Dataset records:
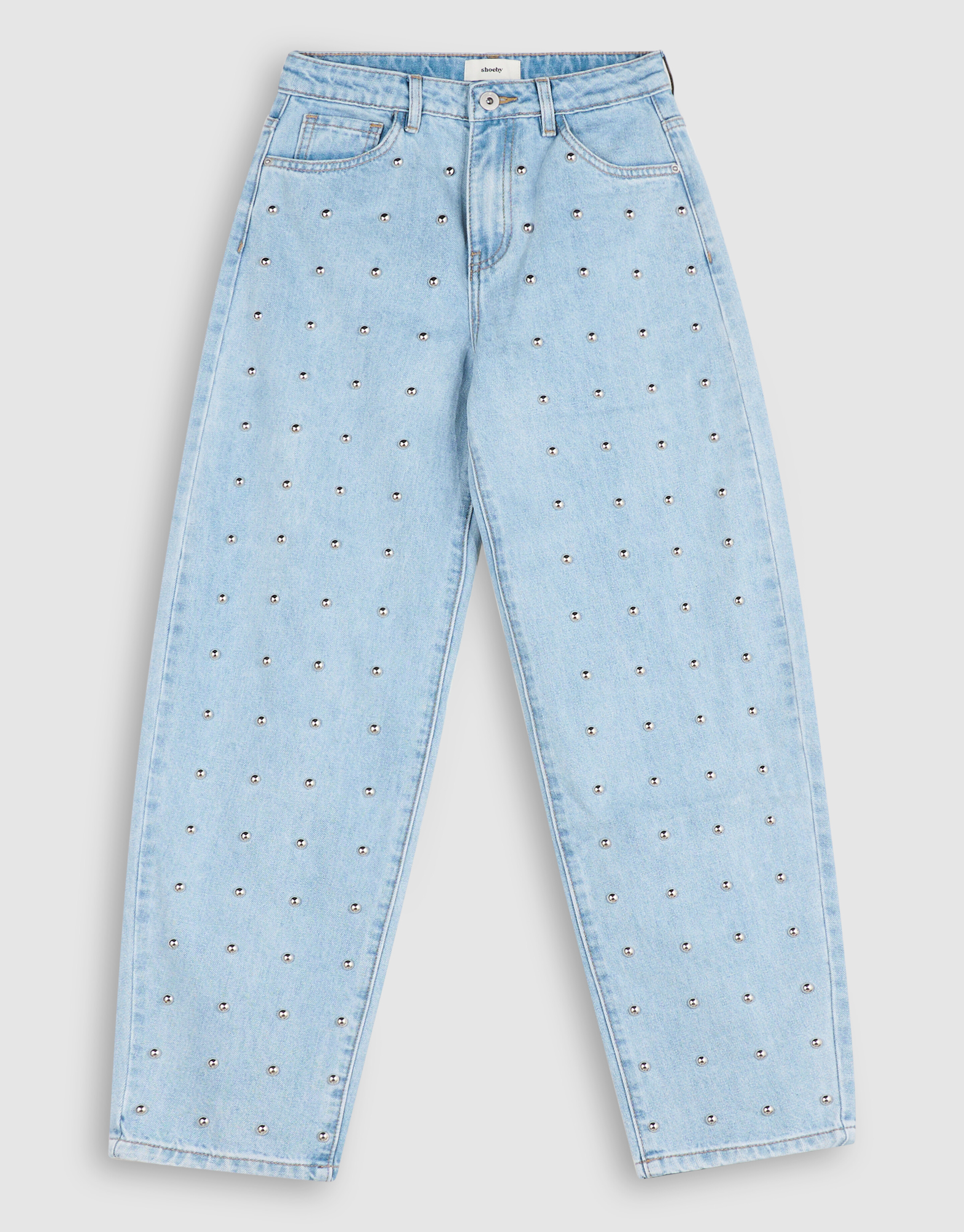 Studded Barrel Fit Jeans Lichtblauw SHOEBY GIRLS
* * *
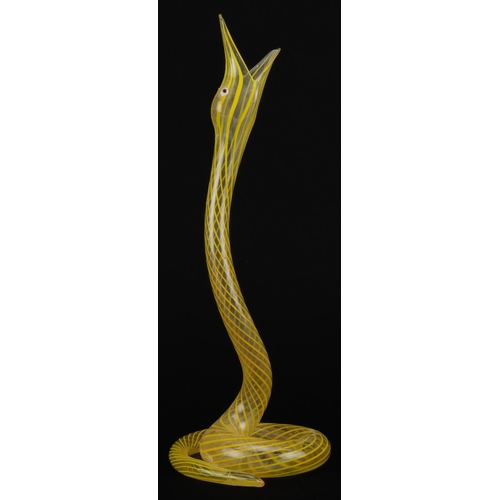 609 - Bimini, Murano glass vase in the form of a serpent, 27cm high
--
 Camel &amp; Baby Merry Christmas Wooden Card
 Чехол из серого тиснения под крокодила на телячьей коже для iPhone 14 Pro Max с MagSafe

What you have to do: In the entries above, find the line holding "Camel &amp; Baby Merry Christmas Wooden Card" and the line holding "Чехол из серого"; print both of them and every line between, exactly, and nothing else.

Expected answer:
 Camel &amp; Baby Merry Christmas Wooden Card
 Чехол из серого тиснения под крокодила на телячьей коже для iPhone 14 Pro Max с MagSafe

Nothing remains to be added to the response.